With less than a week to go before Election Day,  Indianapolis Republican  mayoral candidate Jefferson Shreve has come out with a plan to address property taxes.

Indianapolis Mayoral Candidate Jefferson Shreve announced Tuesday his plan to prevent rising property tax assessments from pricing Indianapolis residents out of their homes.

The Shreve plan will be open to every homeowner age 65 or older, and also to younger homeowners facing rising property taxes due to extraordinary increases in assessed values.  The plan would create a “Freeze Fund” using the city’s bonding authority. Once homeowners opt in, their property tax amount would be frozen. In each succeeding year, the amount of tax above the frozen level would be paid by the Fund. The amount of taxes paid by the Fund is tracked over time and when the home is eventually sold, the cumulative amount of the avoided taxes is repaid to the Fund out of proceeds from the sale.

“Perhaps because of my real estate experience,” said Shreve, “I could see that the problem just needed to be untangled. Every homeowner wants the value of their home to rise; that’s a good thing. We just need a simple financing mechanism to capture some of that value to pay increased taxes.”

“This will be a giant win-win for the city,” Shreve continued. “Seniors can forget worrying about future property taxes; they won’t be chased out of the neighborhoods they love. We need those seniors in our neighborhoods where they provide diversity, wisdom and connection to our city’s history. From the city’s growth and economic development perspective, rising property values is a good thing. The economics of progress means rising incomes and rising property values. Those things happen when a city is in demand. We want Indianapolis to be in demand.”

In addition to seniors, the program would be available to anyone whose assessed value rises by a certain amount in any one year. Shreve said initial modeling indicates that should be in the vicinity of a 15% increase.

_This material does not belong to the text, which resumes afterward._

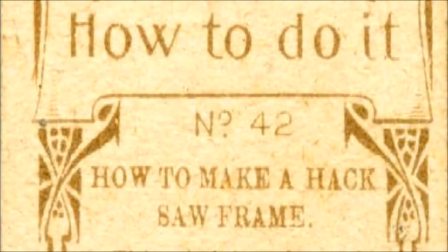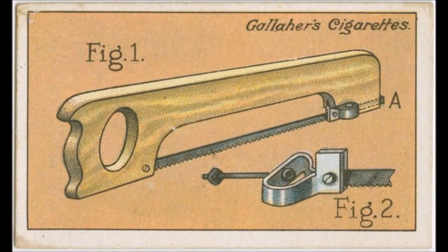How to Do It, number 42. Read by Frank Blissett. How to make a hacksaw frame.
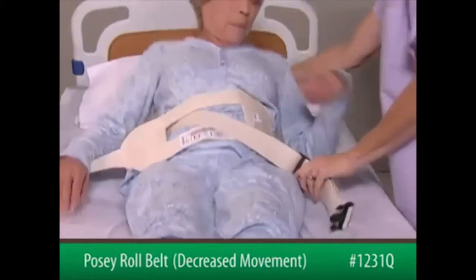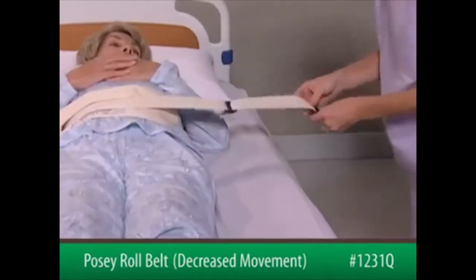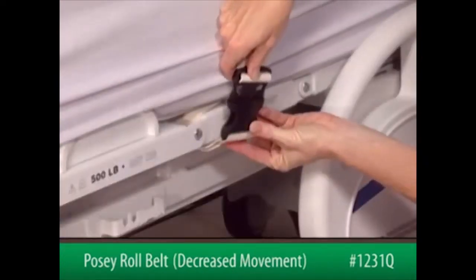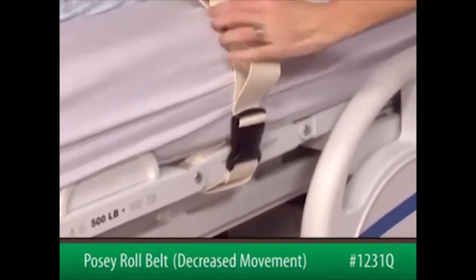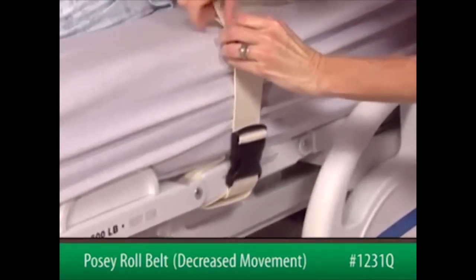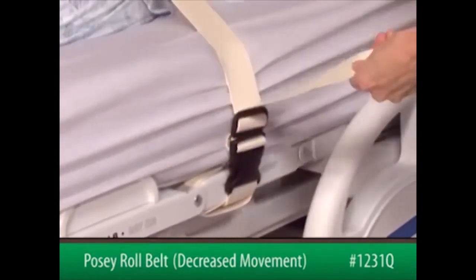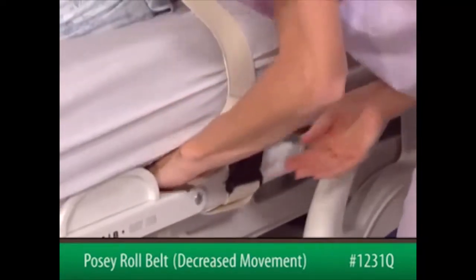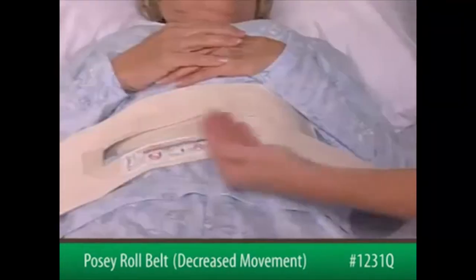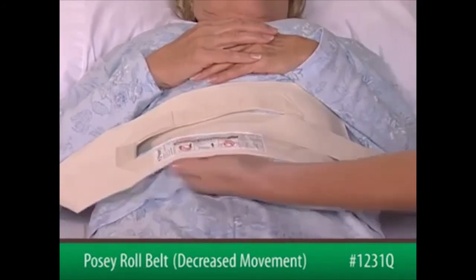Position the patient in the bed. Now, insert the male end of the connecting strap into the female end of the short strap. Pull on the top strap to adjust the slack and move the slide buckle down to the quick-release buckle. Take any excess strap out of the patient's reach. After securing both sides to the bed frame, slide an open hand, flat, between the device and the patient to ensure proper fit.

A recently passed state law is currently being piloted in the Riverside Neighborhood to address rising taxes due to rapidly escalating assessed property values. However, it involves the City-County Council approving tax credits to help long-standing home owners. Shreve called this program a half-measure. “It’s well intentioned, but it’s complicated and doesn’t cover all the tax increase. And the larger problem with issuing credits,” said Shreve, “is that it robs Peter to pay Paul. The burden of paying those rising property tax bills is just shifted to everyone else.”

Shreve said his plan is simple and self reliant. Homeowners freeze their property taxes for as long as they own the property. The increase in property taxes and the cost of carrying the debt are financed by bonds. The property taxes still get paid each year through the bonds, so the city, schools and other units of local government are not out any money. When the home is eventually sold by the owners or their estate, the city collects the value of all the avoided property tax from the proceeds of the sale to retire the debt.

The only condition will be a threshold equity value in the home, which isn’t likely to be a problem for seniors who’ve been in their homes a long time, or even for younger homeowners whose mortgages predate the escalating property values.

“This property tax freeze is an example of the imagination and innovation that I aim to bring to Indianapolis city government,” Shreve said. “Public safety has dominated my campaign because we can’t be a successful city until the violent crime problem is solved. We must be safe, and we must feel safe. But there is a lot more to being mayor than solving the crime problem, and we must advance across a very wide range of policy issues.”